Why are there problems, why is it a big deal? And GEDCOM 5.5.1?
Let me start off by explaining possibly why there are problems, or at least give a logical reason for the absence in some programs of such support. All currently developed Mac genealogy applications, and all Windows genealogy applications that are in widespread use, support GEDCOM 5.5. GEDCOM 5.5 came out in 1996. Three years later, in 1999, GEDCOM 5.5.1 (draft) was released. Note that it’s a draft. GEDCOM 5.5.1, among other things, added support for UTF-8 encoding. It was never formally approved as a standard, but many genealogy applications do support it, as does FamilySearch.org. GEDCOM 5.5.1 added support for internet-based tags such as WWW and EMAIL. Unfortunately, ever since 1999, we’ve been in a holding pattern when it comes to GEDCOM formats.

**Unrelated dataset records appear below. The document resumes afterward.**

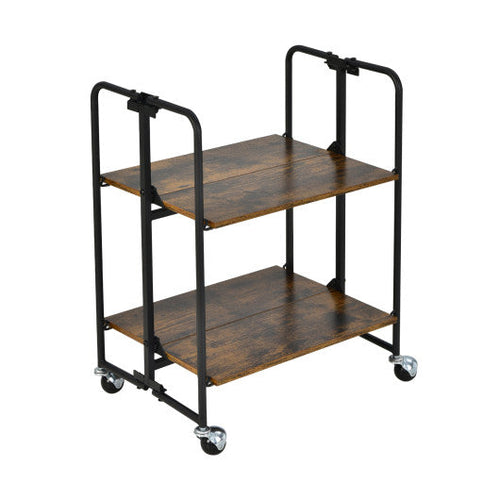 Load image into Gallery viewer, Folding Rolling Cart with Metal Frame-2-Tier
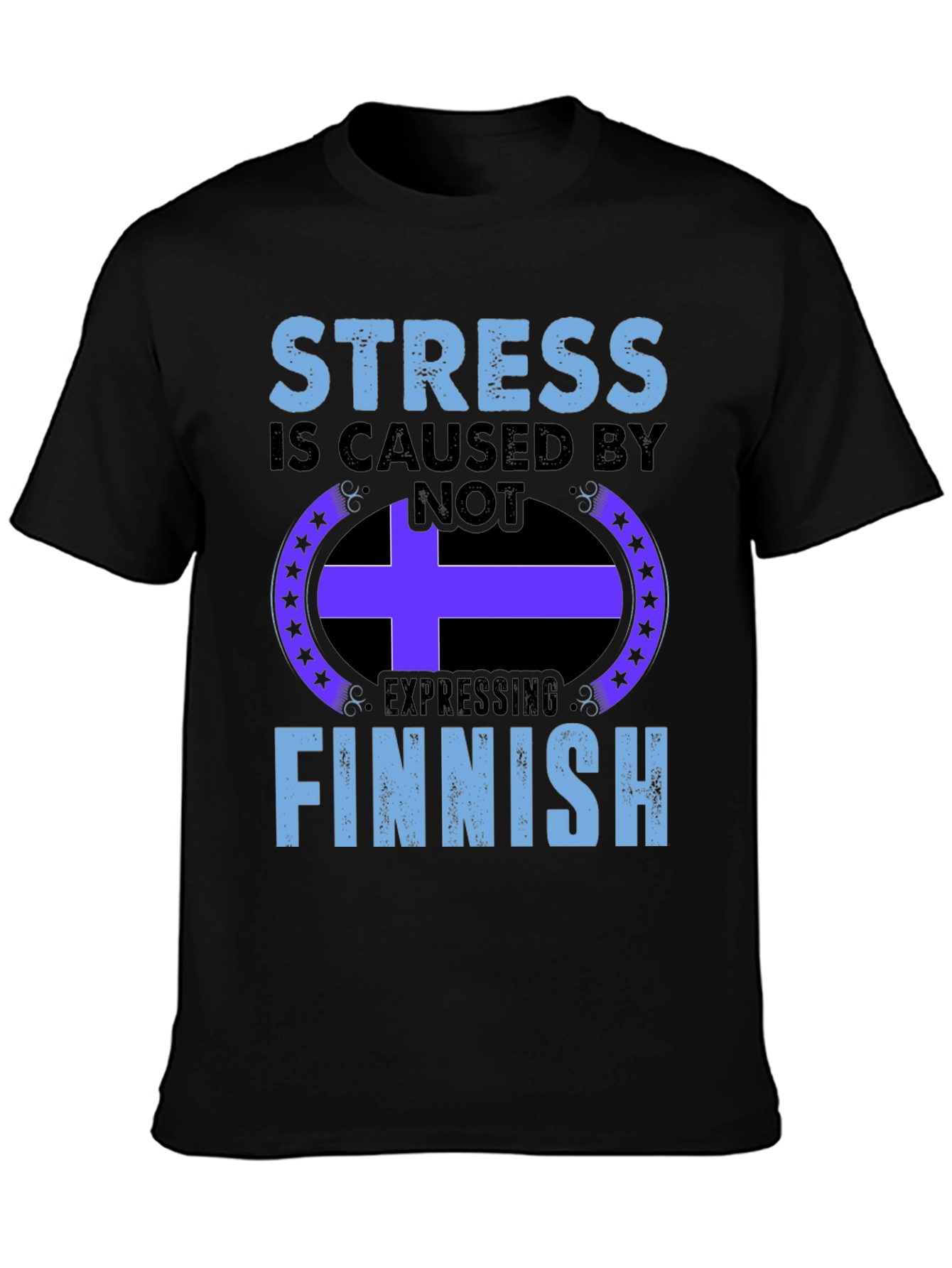 Stress Finnish Expression Black T-Shirt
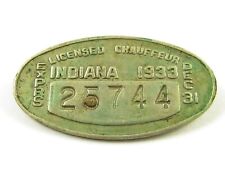 1933 Indiana Licensed Chauffeur Badge Pin 25744 JA180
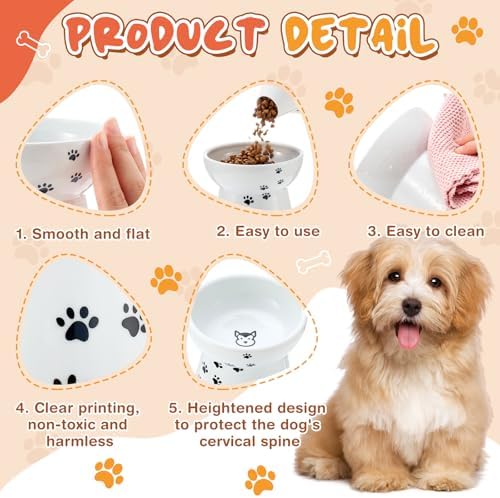 Teenyyou 2 Pack Elevated Dog Bowls for Small Dogs and Cats, 3.7" H x 4.8" W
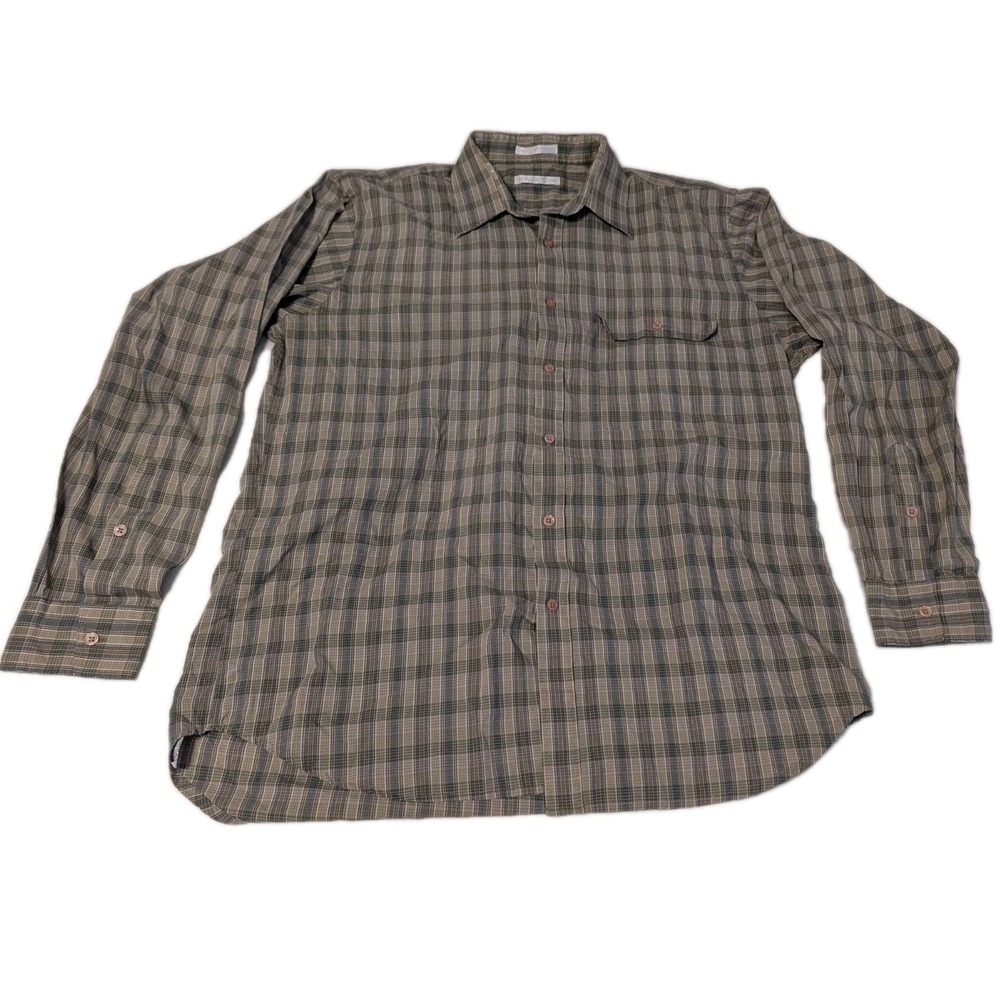 H by Halston Men's Plaid Shirt Lightweight Button-Down Work Green Brown Sz Large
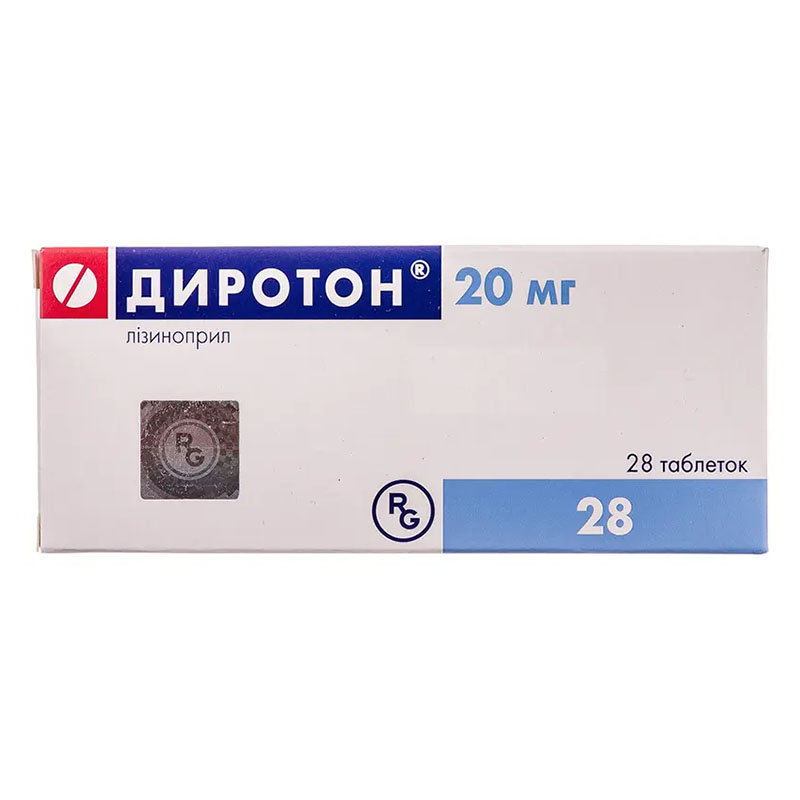 Диротон табл. 20мг №28 Gedeon Richter Диротон табл. 20мг №28 Gedeon Richter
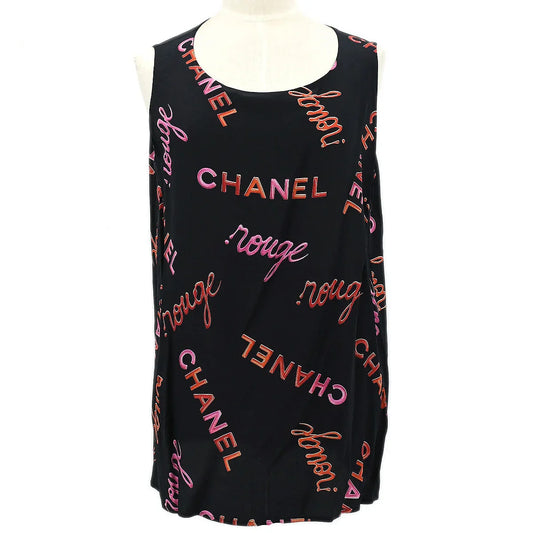 Chanel 1996 Spring Logo Pattern Sleeveless Silk Blouse #42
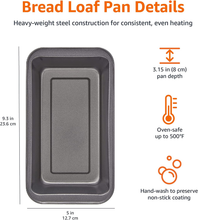 Carica l'immagine nel visualizzatore di Gallery, - Teglia per Pane in Acciaio Al Carbonio Antiaderente, 27X15X7 Cm, Confezione Da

Unicode, UTF-8, and Mac OS X
Unicode/UTF-8 isn’t an issue for Mac OS X itself for a simple reason – Mac OS X is considered to be “Unix-like” and has many of the underpinnings of Unix-based systems, and Unicode support is very important for Unix systems. This could possibly also be the reason why the vast majority of Mac OS X genealogy apps have Unicode/UTF-8 support.

Personal Ancestral File 5.2 and UTF-8
To further confuse the issue, Personal Ancestral File 5.2, while officially supporting GEDCOM 5.5, uses UTF-8 internally, and can output UTF-8 GEDCOM files. For those migrating from Personal Ancestral File to Mac OS X genealogy apps, it could be an issue if they need to export with UTF-8.

Conspiracy Theories
Let’s get this out of the way now: There is a viewpoint among some in the genealogy community that some genealogy software developers don’t support certain formats, encoding, etc., to keep you locked into their “walled garden” (Wikipedia explanation). Whether that’s true or not, it should not stop them from supporting the importing of such GEDCOM files. Of course if they supported the importing of such GEDCOM files, there would be no logical reason for them not to support exporting to such GEDCOM files.

Should Developers Support GEDCOM 5.5.1?
Yes. Many genealogy applications support it already, Personal Ancestral File 5.2 supports parts of GEDCOM 5.5.1, FamilySearch.org supports GEDCOM 5.5.1. GEDCOM 5.5.1 adds needed tags for websites and email addresses, as well as geolocation information. I’m not a developer, but look at the existing genealogy applications out there – geolocation information alone is very important to most genealogists these days.

GEDCOM X is a proposed new GEDCOM format supported by FamilySearch and a few others. I have not seen anything relating to Unicode and GEDCOM X, but I do wish them well in their endeavor – we need a new standard, and GEDCOM X has better source and record support, including digital records, and better sharing and linking. We have pushed the existing GEDCOM 5.5 and GEDCOM 5.5.1 formats to their limits, and regardless of the conspiracy theories of developers deliberately trying to lock you in to their software, it’s hard for genealogy software developers to maintain strict support for GEDCOM 5.5 while supporting the many types of data/information that genealogists take for granted these days – new types of records, geolocation/GPS information, etc.

These days, you start to lose a lot of information when you export to GEDCOM unless your genealogy application sticks to GEDCOM 5.5/5.5.1 as its format. For some packages, it can reach a point where the problems with moving over to a new genealogy program outweighs the benefits.

I have no doubt that most Mac genealogy software developers would quickly hop on board a better industry-wide standard for the exchange of genealogy information – look at how fast many embraced the iOS (iPad, iPhone, iPod touch) platform. Look at how fast many made the switch from Classic Mac OS 9 to Mac OS X, and from PowerPC to Intel.